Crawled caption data
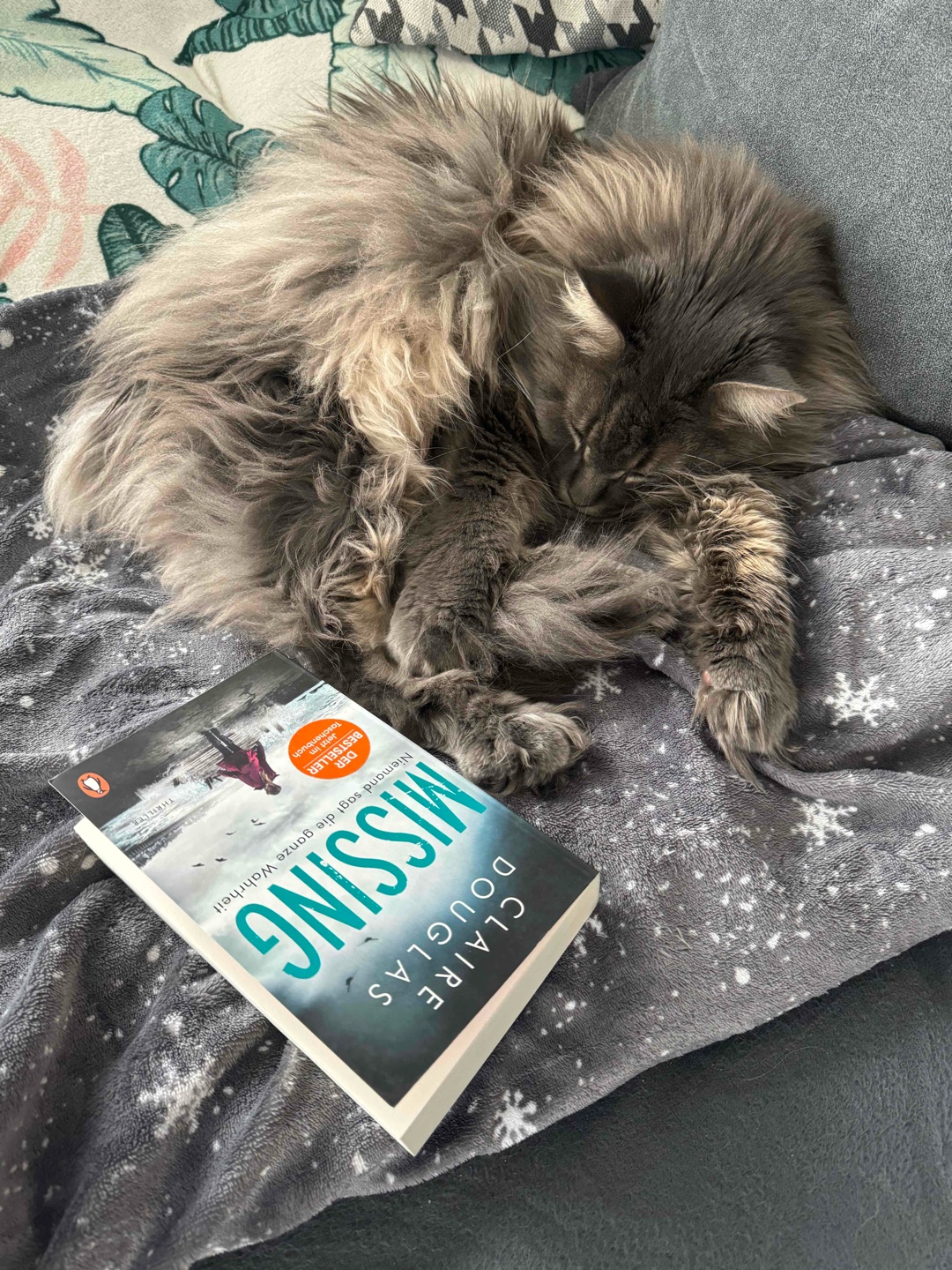 Mein erstes Buch der Autorin. Ich muss sagen, ich bin echt positiv überrascht. 
Den Plot habe ich tatsächlich echt nicht kommen sehen - und ich habe viele Eventualitäten abgewogen ^^
Ich hatte es schnell durch und fand den Wechsel zwischen beiden Protagonisten sehr angenehm. 
Zum Ende hin und auch jetzt hatte ich Gedanken mir gerne zuvor eine Triggerwarning gewünscht zu haben..  (Sexuelle Belästigung, Vergewaltigung, Gewalt, Nachstellung, Krankheiten..) 
Dennoch werde ich auch ein weiteres Buch der Autorin lesen und bin von der Story allgemein angetan, überrascht und zufrieden zugleich.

• **DIRECTIONS**: Would you reproduce, exactly and with nothing added, every line from the beginning of the entries above through the line that contains "Zum Ende hin", both included, leaving out the pictures?

• **TASK OUTPUT**:
 Mein erstes Buch der Autorin. Ich muss sagen, ich bin echt positiv überrascht. 
Den Plot habe ich tatsächlich echt nicht kommen sehen - und ich habe viele Eventualitäten abgewogen ^^
Ich hatte es schnell durch und fand den Wechsel zwischen beiden Protagonisten sehr angenehm. 
Zum Ende hin und auch jetzt hatte ich Gedanken mir gerne zuvor eine Triggerwarning gewünscht zu haben..  (Sexuelle Belästigung, Vergewaltigung, Gewalt, Nachstellung, Krankheiten..) 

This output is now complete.